Martha Crenshaw argued in The Atlantic magazine that there’s no such thing as a global jihadist movement; the extremists are united by shared ideological beliefs, but divided organizationally and sometimes doctrinally.
Sig Hecker wrote in the New York Times that Moscow and Washington must get back on track and work together on nuclear security.
Amy Zegart penned a piece for the Wall Street Journal piece that highlighted how new technologies will allow many states—and non-state actors—to make low-cost but highly credible threats.
CISAC scholars, fellows and affiliates also received coverage in Foreign Policy, The New Yorker, Forbes Magazine and The Los Angeles Times, among many others.
BOOKS
CISAC faculty members wrote, edited and contributed to a wide range of books on important international security issues.
Historian David Holloway contributed chapters to the anthologies “Andrei Sakharov: The Conscience of Humanity” (edited by Sidney Drell & George P. Schulz), and “The Euromissile Crisis and the End of the Cold War.”
Scott Sagan co-edited an American Academy of Arts & Sciences compilation titled “A Worst Practices Guide to Insider Threats: Lessons from Past Mistakes.”
Martha Crenshaw contributed an essay on dealing with terrorism for the compilation “Managing Conflict in a World Adrift.”
CISAC co-director Amy Zegart wrote a chapter for the textbook “Essentials of Strategic Intelligence.”
Thomas Fingar contributed to five books on foreign policy, from political reform in China to the role of intelligence in countering illicit nuclear-related procurement.
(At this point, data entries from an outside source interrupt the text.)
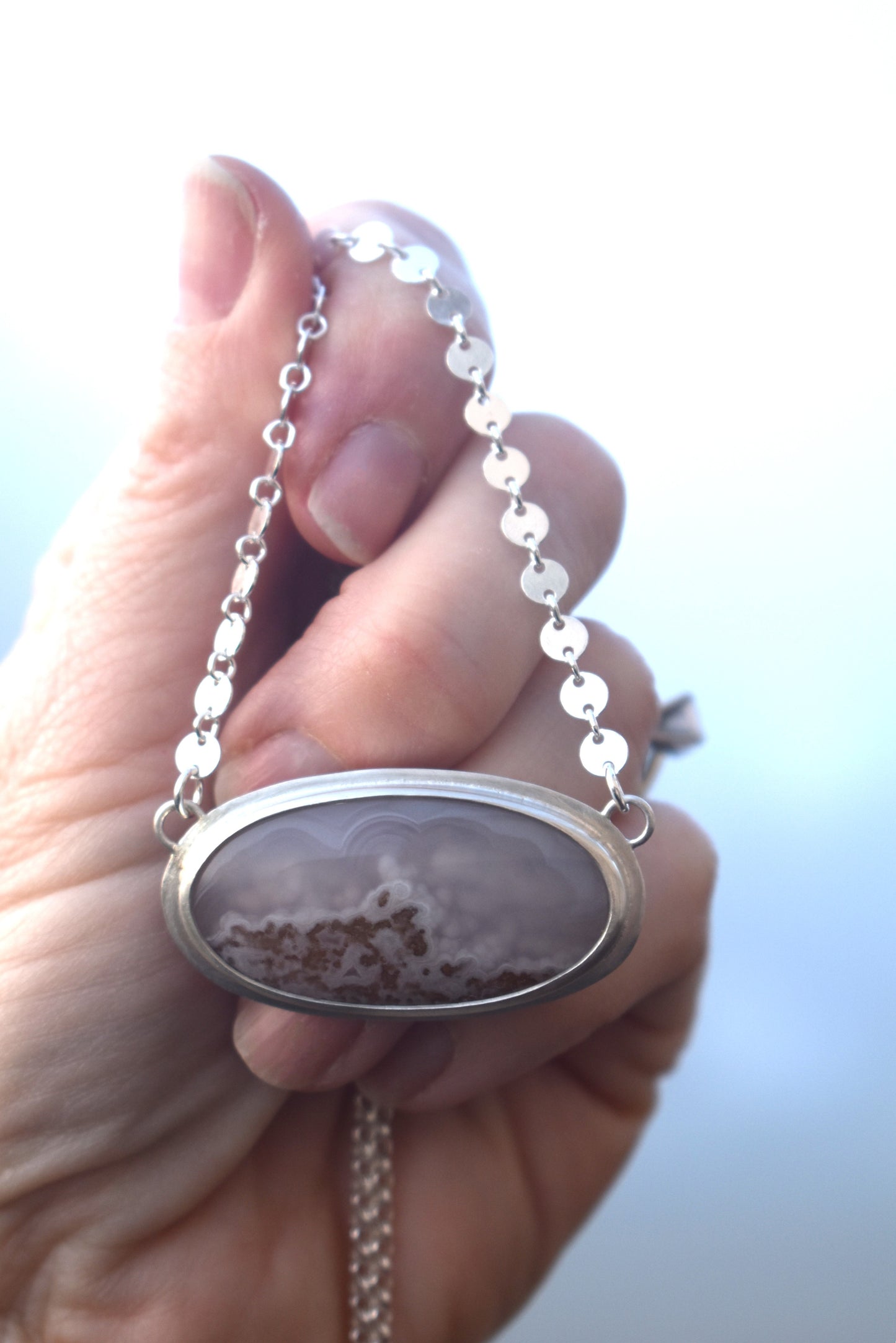 Agua Nueva Agate Necklace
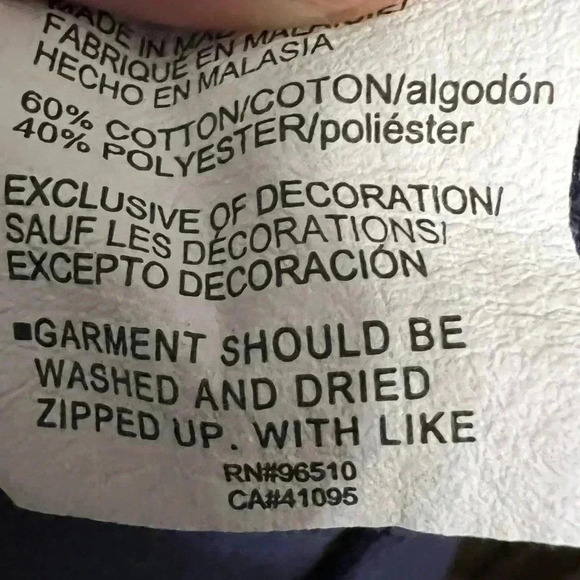 Under Armour UA Playback Fleece 1/4 Zip Navy/Gray Size:Medium - Picture 14 of 15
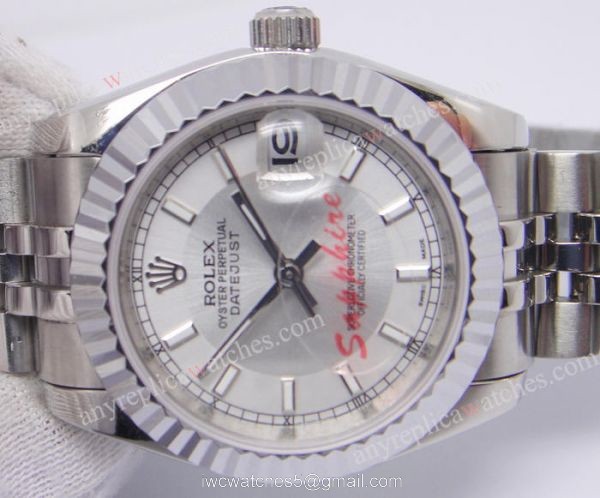 Replica Rolex Datejust Silver Face Jubilee band Ladies Watch 1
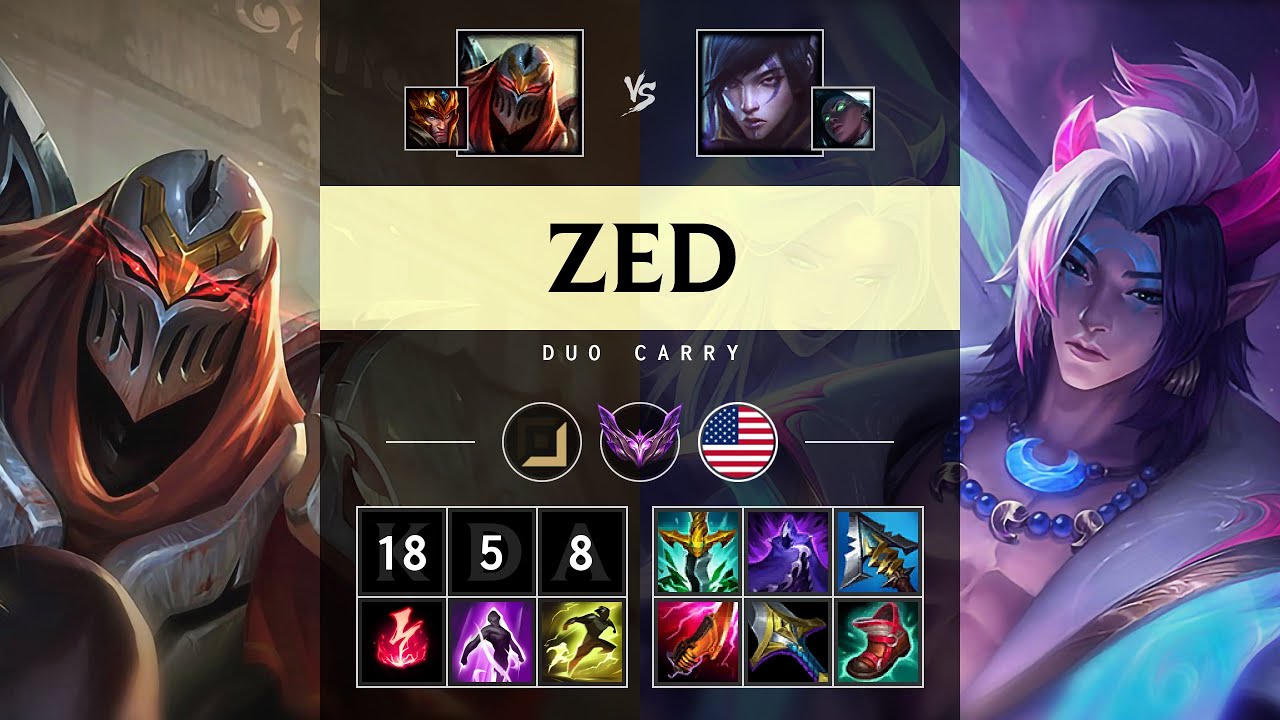 Zed ADC vs Aphelios - NA Master Patch 25.12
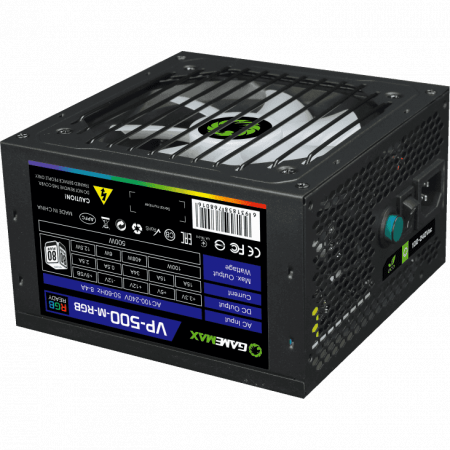 Блок питания GameMax 500W VP-500-RGB-MODULAR, фото , изображение 3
Sig Hecker is in the final stages of editing “Doomed to Cooperate: How American and Russian Nuclear Scientists Joined Forces to Mitigate Some of the Greatest Post-Cold War Dangers.”
And we look forward to upcoming books from CISAC faculty members Martha Crenshaw, Joseph Felter and David Holloway in the year ahead.
CISAC affiliates also published several books.
Jeffrey Lewis published “Paper Tigers: China’s Nuclear Posture”, which seeks to understand why China has maintained a relatively small nuclear arsenal in the context of the global arms race.
Whitfield Diffie co-edited a technical account of how the British military created the first large-scale computer, known as “Colossus”, to break the German’s secret codes – “Breaking Teleprinter Ciphers at Bletchley Park.”
And Simon & Schuster accepted a manuscript from CISAC affiliate Anja Manuel of the strategic consulting firm RiceHadleyGates currently titled “Brave New World: The future of China, India and the West”, scheduled for publication next May.